What the task asks >> Could you repeat, word for word, the line with "Меси носеше кафе" and every line after it in the records below, leaving out any pictures?

[Data records]
------------

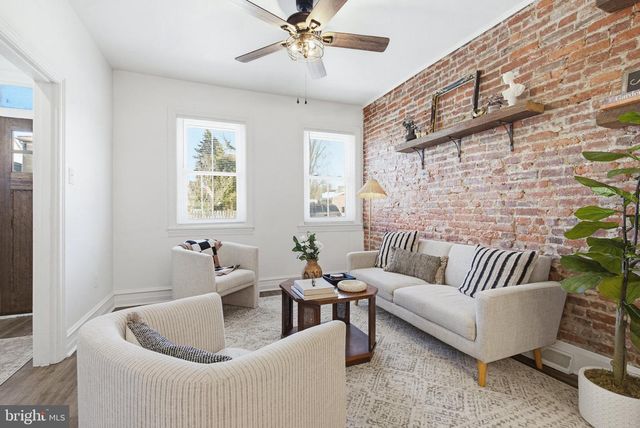 162 S 5TH ST, Columbia, PA 17512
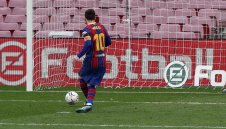 Меси носеше кафе на Роналдиньо, но беше готов да яде глезени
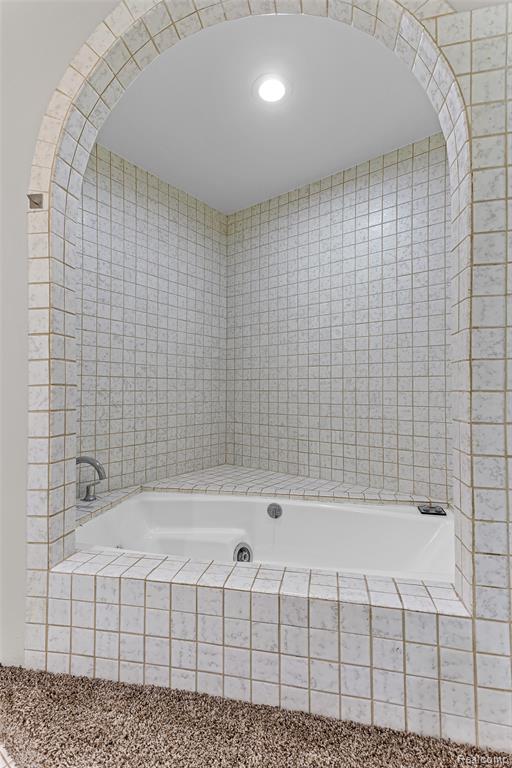 5317 Fairway Lane, West Bloomfield, MI 48323 — Photo 18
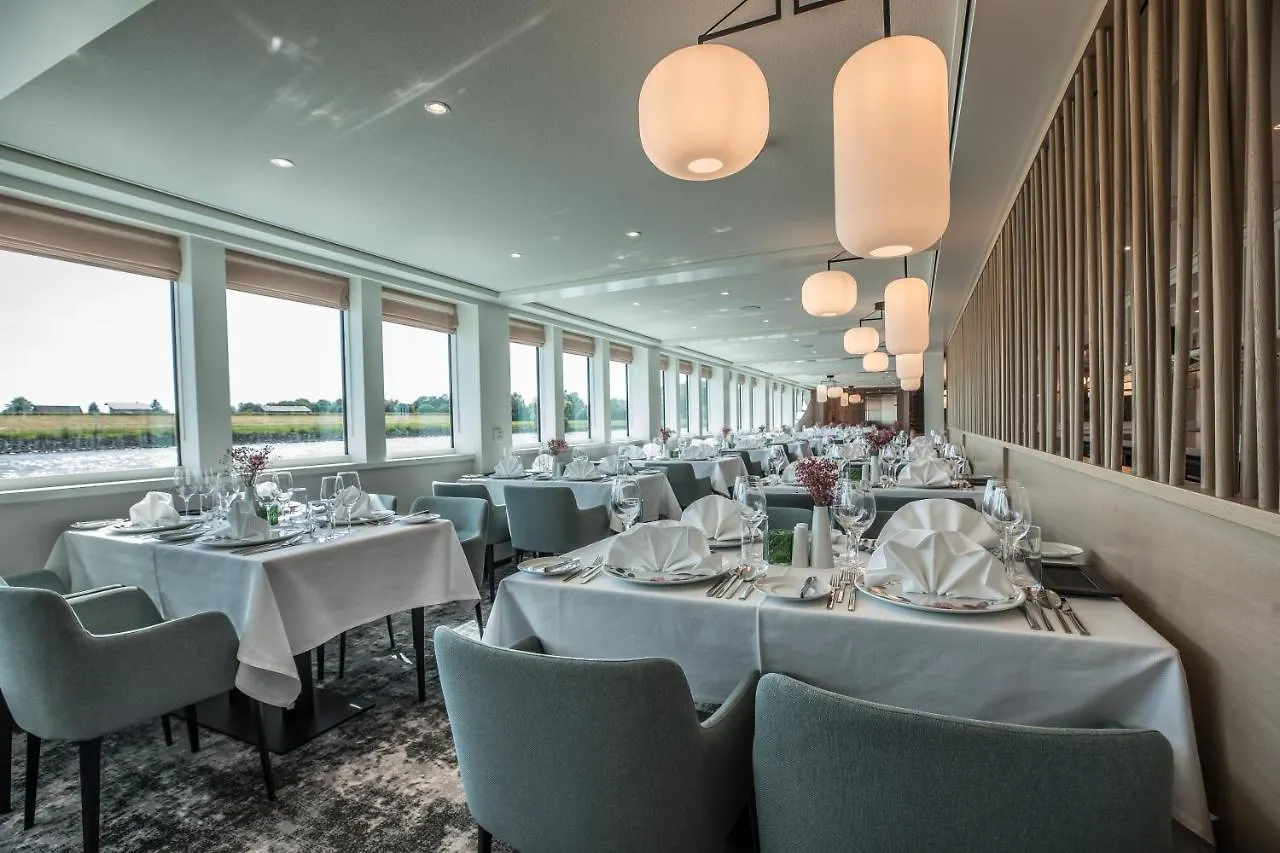 Fairtours Hotelschiff Antonia***** Cologne Botel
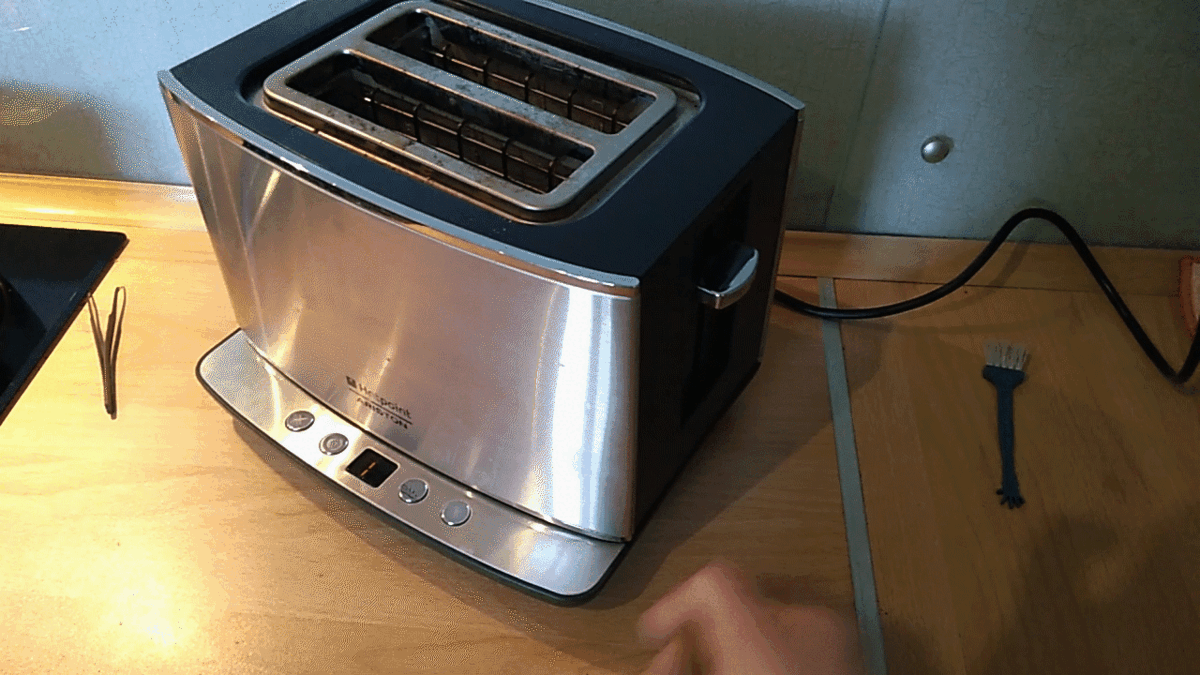 А вот и результат работы, легко нажимается и сразу фиксируется в нижнем положении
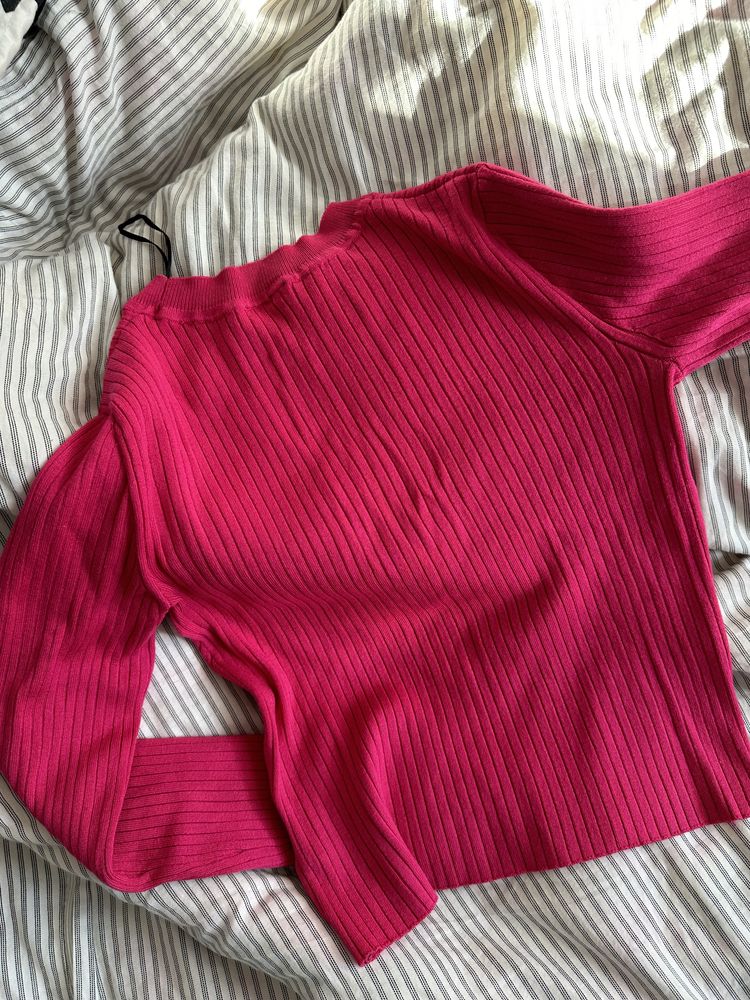 Rozowy sweter damski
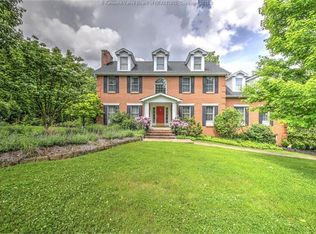 213 Whispering Woods Rd, Charleston, WV 25304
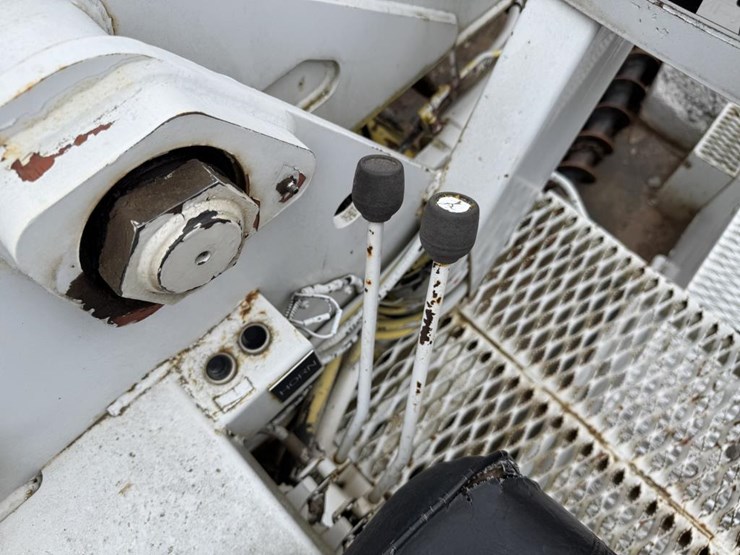 2001-international-4900-image-56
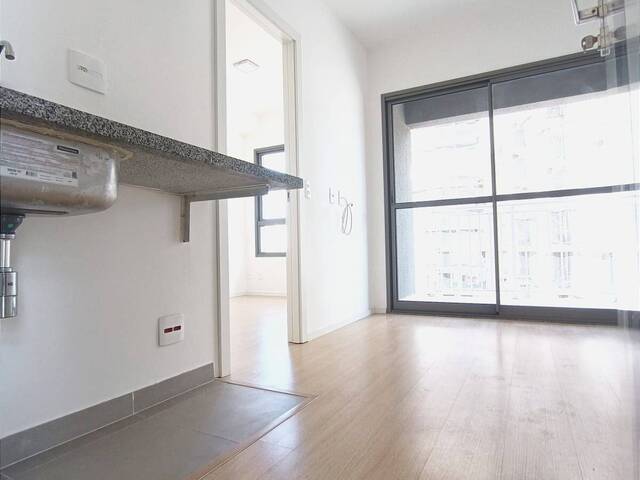 #704 - Apartamento para Venda em São Paulo - SP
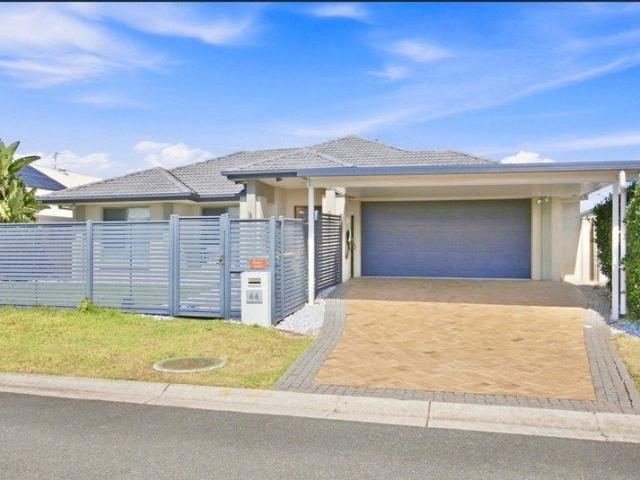 House for rent in Helensvale, Gold Coast City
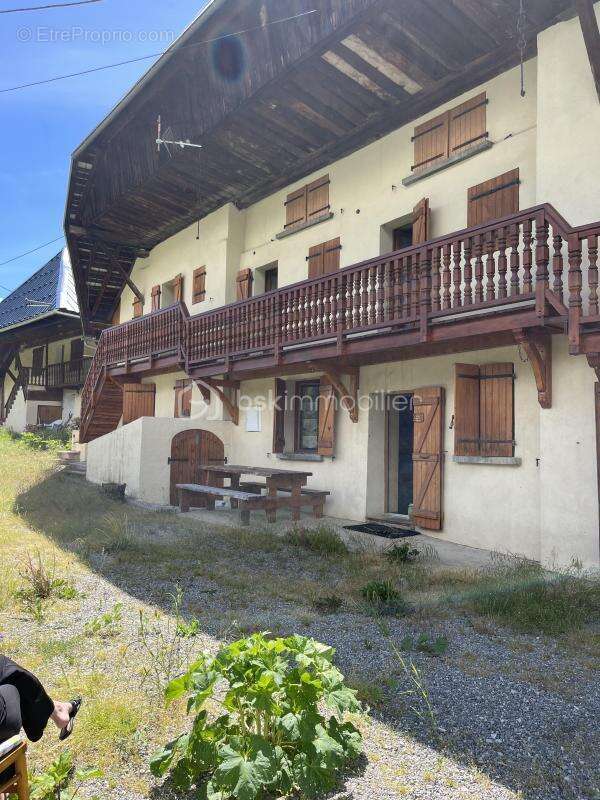 Authentique maison de montagne de caractère  Vue panoramique  Potentiel unique   Un bien rare à réinventer - photo 2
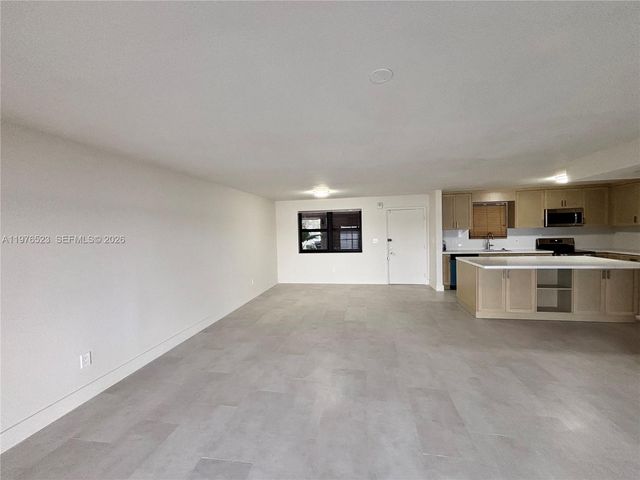 605 Ives Dairy Rd 102-7, Miami, FL 33179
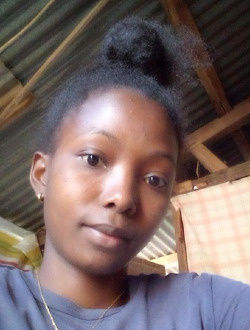Dounette's profile, a single 22-year-old a woman in Antalaha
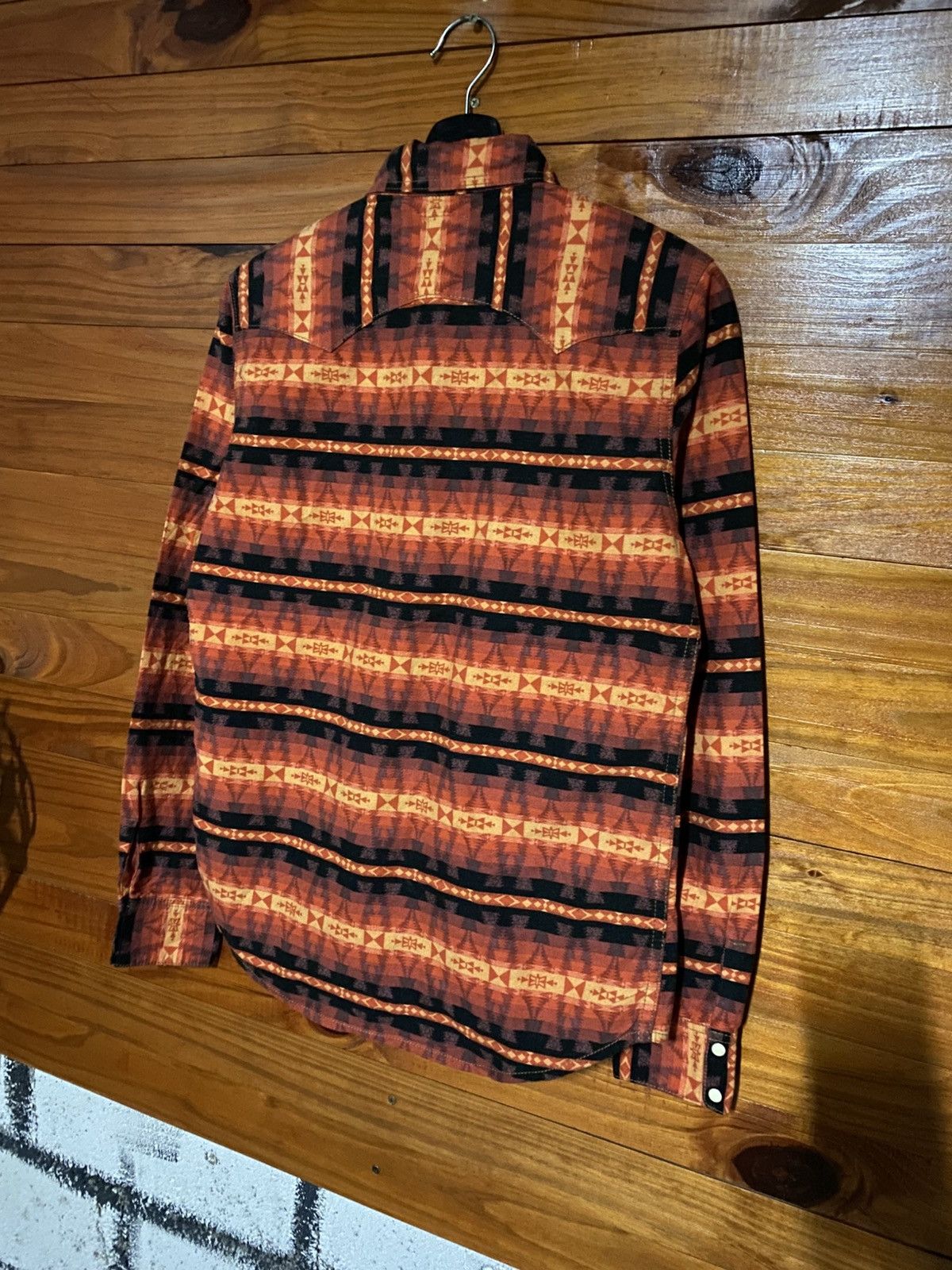 URBAN RESEARCH DOORS Urban Research DOORS Tribal Pattern Cotton Shirt Japanese Size US S / EU 44-46 / 1 - 8 Thumbnail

------------

Answer to the exercise >>
 Меси носеше кафе на Роналдиньо, но беше готов да яде глезени
 5317 Fairway Lane, West Bloomfield, MI 48323 — Photo 18
 Fairtours Hotelschiff Antonia***** Cologne Botel
 А вот и результат работы, легко нажимается и сразу фиксируется в нижнем положении
 Rozowy sweter damski
 213 Whispering Woods Rd, Charleston, WV 25304
 2001-international-4900-image-56
 #704 - Apartamento para Venda em São Paulo - SP
 House for rent in Helensvale, Gold Coast City
 Authentique maison de montagne de caractère  Vue panoramique  Potentiel unique   Un bien rare à réinventer - photo 2
 605 Ives Dairy Rd 102-7, Miami, FL 33179
Dounette's profile, a single 22-year-old a woman in Antalaha
 URBAN RESEARCH DOORS Urban Research DOORS Tribal Pattern Cotton Shirt Japanese Size US S / EU 44-46 / 1 - 8 Thumbnail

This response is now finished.